§ **Assignment**
Give the lines below again, exactly as they stand, and leave out the images.

━━━

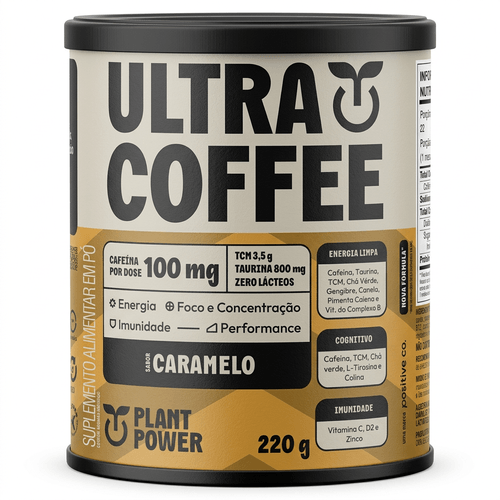 Ultracoffee Termogênico Caramelo Vegano com Vitaminas e Minerais   220g   -  Plant Power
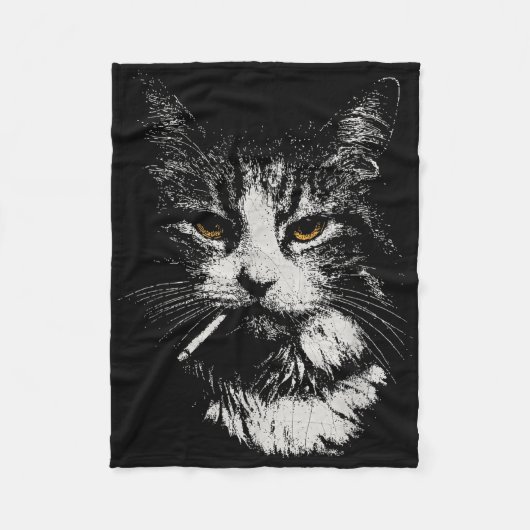 Grappig Cool Cat Smoking Funny Meme Cigarette Cat Fleece Deken (Voorkant)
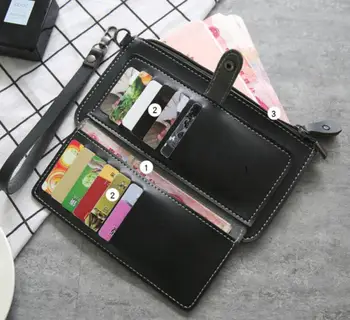 Dámske peňaženky nové ženské pu jednoduchý dlhý multi-funkčný zips multi-card pozíciu strane sa prackou zips peňaženky Dámy spojka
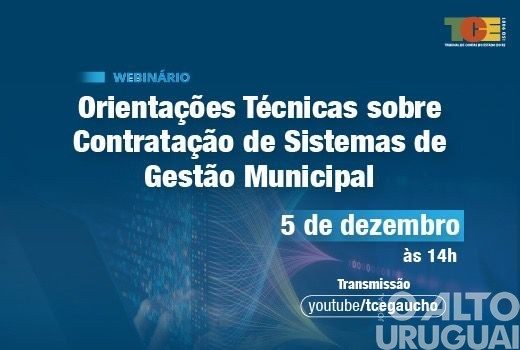 TCE-RS promove webinário sobre contratação de sistemas de gestão municipal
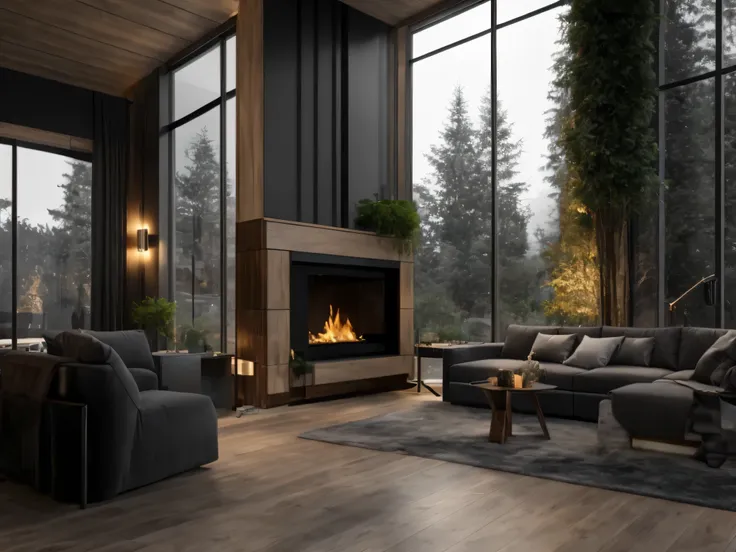 arafed living room with a fireplace and a couch and chairs, cozy contemporary living room, cozy environment, natural realistic r...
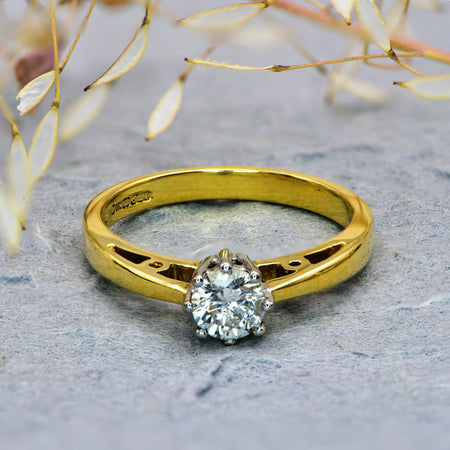 The Vintage London 18ct Gold Brilliant Cut Diamond Solitaire Ring - Antique Jewellers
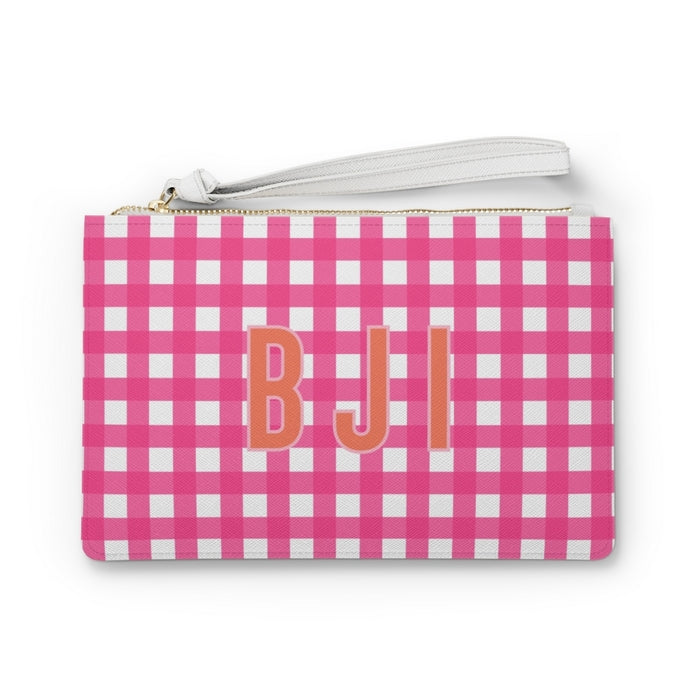 Gingham Pink Wristlet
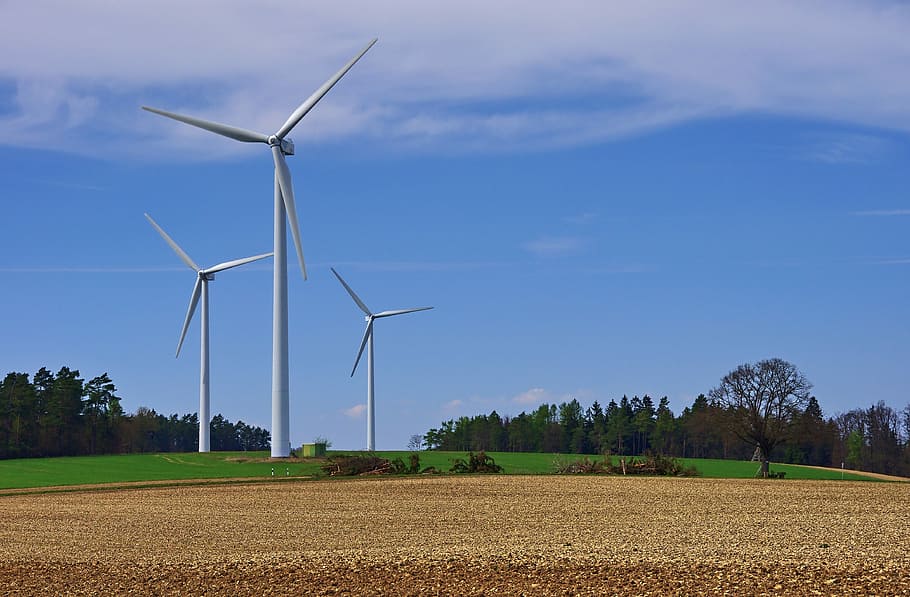 three, white, wind turbines, windmill, turbine, electricity, mill, energy, wind, wind turbine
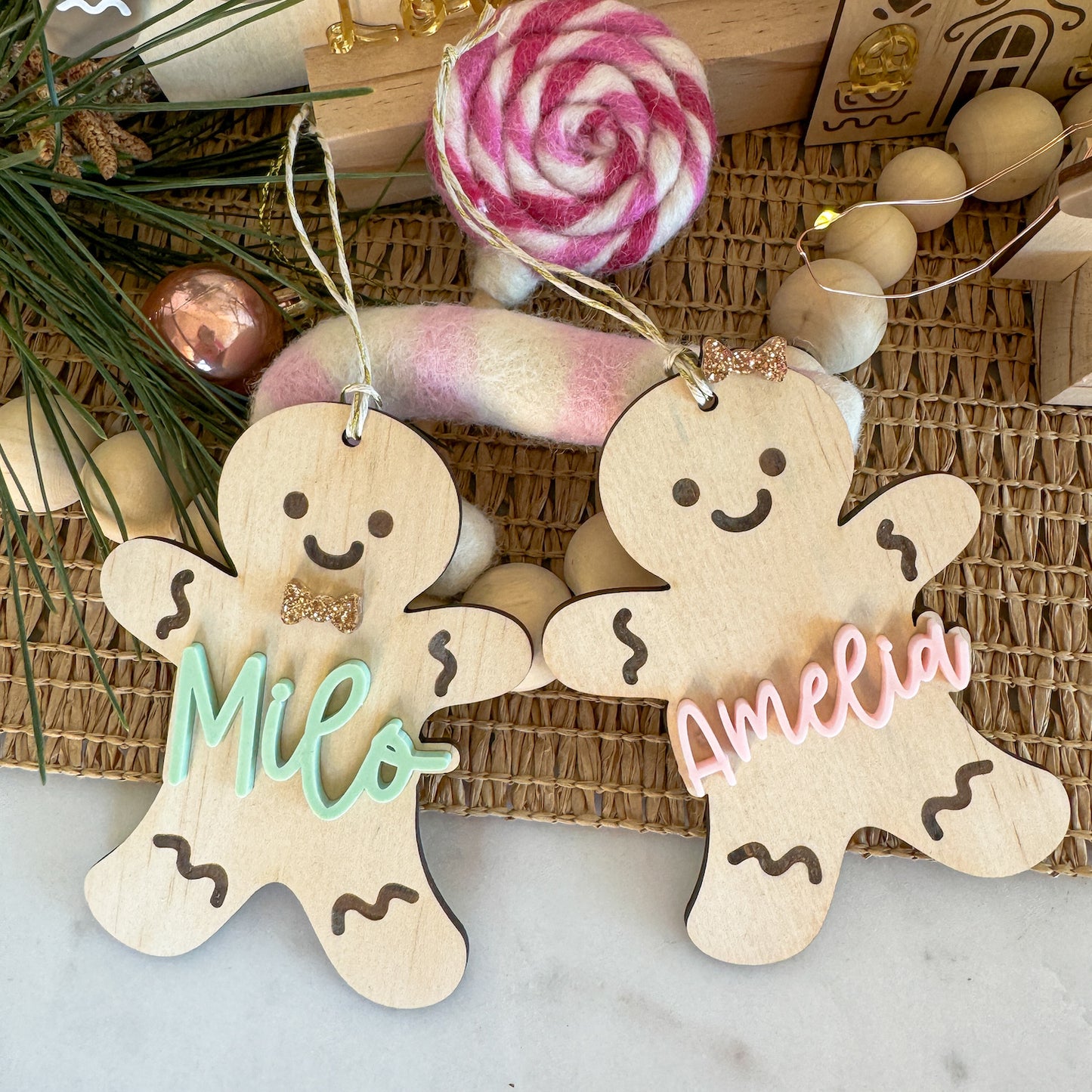 Gingerbread People Personalised Christmas Ornament-Bandicute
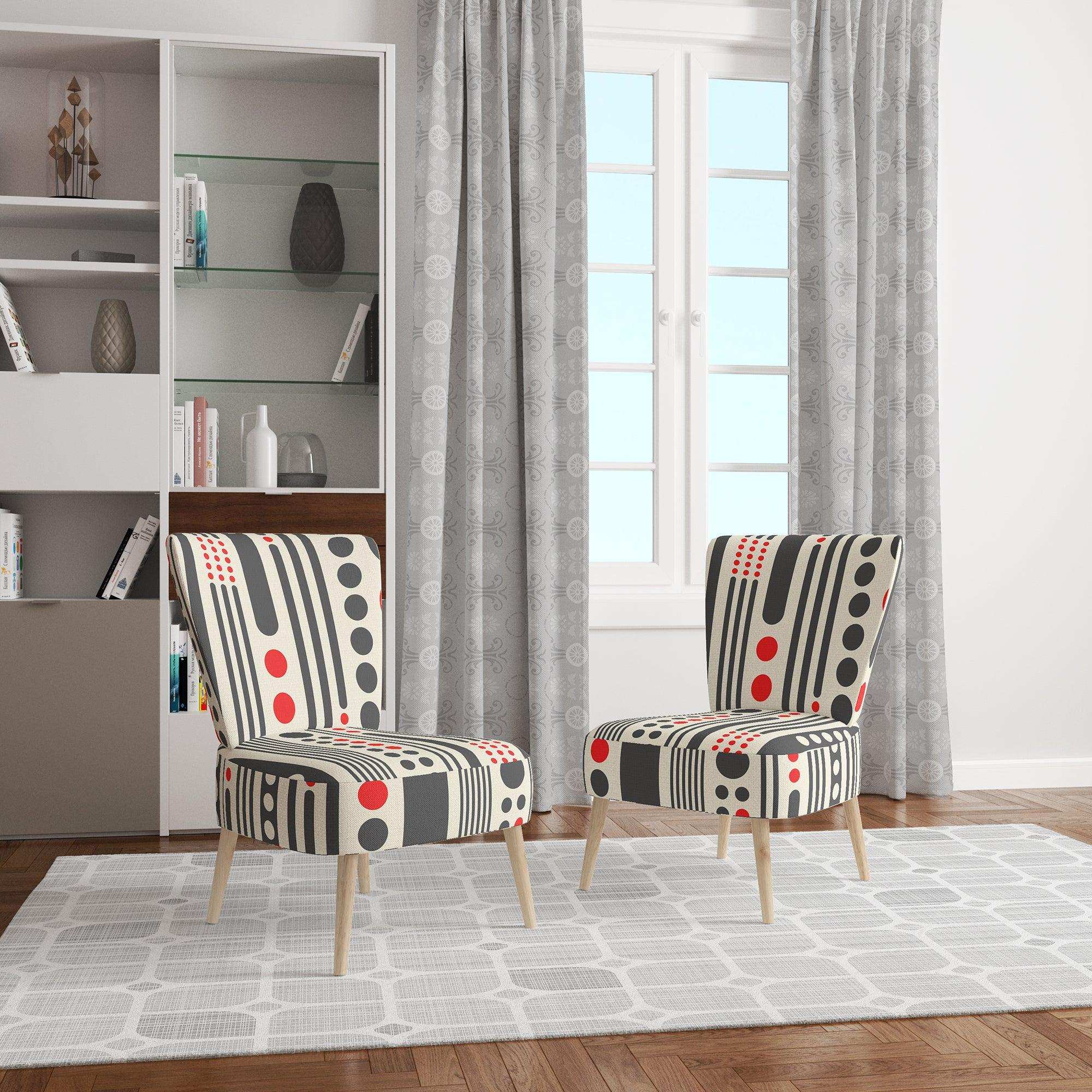 Retro Geometrical Abstract Minimal Pattern II Mid-Century Accent Chair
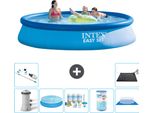 Piscina Gonfiabile Rotonda Intex Easy Set - 396 X 84 Cm - Blu - Incluso Tenda Con Pompa - Pacchetto Manutenzione - Filtro - Telo Di Fondo - Aspirapolvere - Tappeto Solare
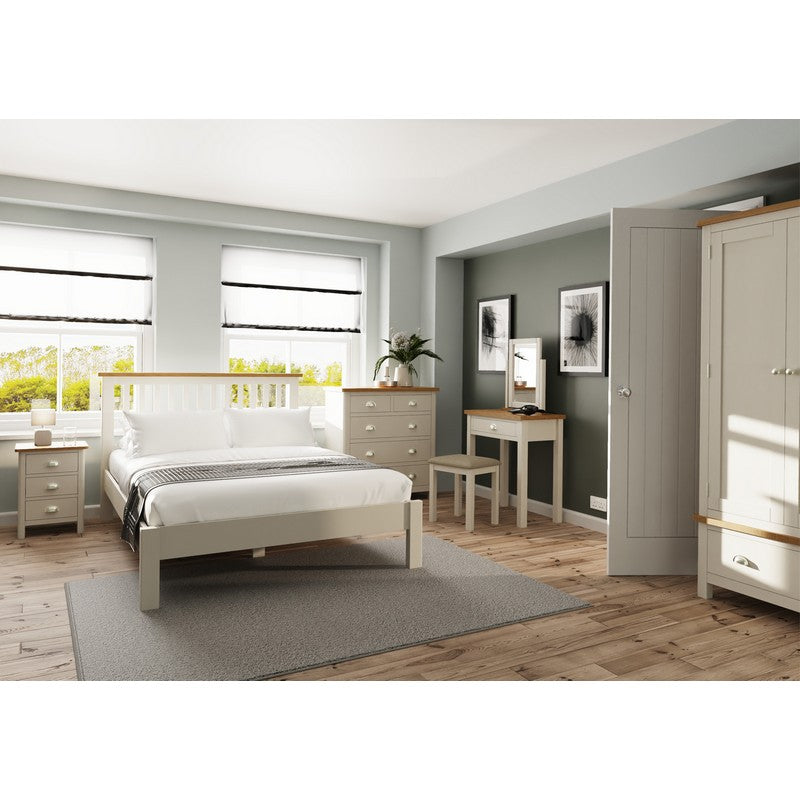 Westbridge Bedside Table Oak Grey 2 Drawers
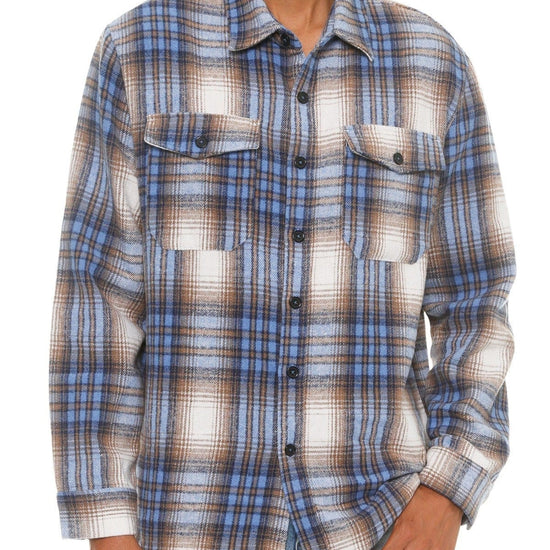 L Men's Checkered Soft Flannel Shacket - Blue Sand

━━━

§ **Output below**
 Ultracoffee Termogênico Caramelo Vegano com Vitaminas e Minerais   220g   -  Plant Power
 Grappig Cool Cat Smoking Funny Meme Cigarette Cat Fleece Deken (Voorkant)
 Dámske peňaženky nové ženské pu jednoduchý dlhý multi-funkčný zips multi-card pozíciu strane sa prackou zips peňaženky Dámy spojka
 TCE-RS promove webinário sobre contratação de sistemas de gestão municipal
 arafed living room with a fireplace and a couch and chairs, cozy contemporary living room, cozy environment, natural realistic r...
 The Vintage London 18ct Gold Brilliant Cut Diamond Solitaire Ring - Antique Jewellers
 Gingham Pink Wristlet
 three, white, wind turbines, windmill, turbine, electricity, mill, energy, wind, wind turbine
 Gingerbread People Personalised Christmas Ornament-Bandicute
 Retro Geometrical Abstract Minimal Pattern II Mid-Century Accent Chair
 Piscina Gonfiabile Rotonda Intex Easy Set - 396 X 84 Cm - Blu - Incluso Tenda Con Pompa - Pacchetto Manutenzione - Filtro - Telo Di Fondo - Aspirapolvere - Tappeto Solare
 Westbridge Bedside Table Oak Grey 2 Drawers
 L Men's Checkered Soft Flannel Shacket - Blue Sand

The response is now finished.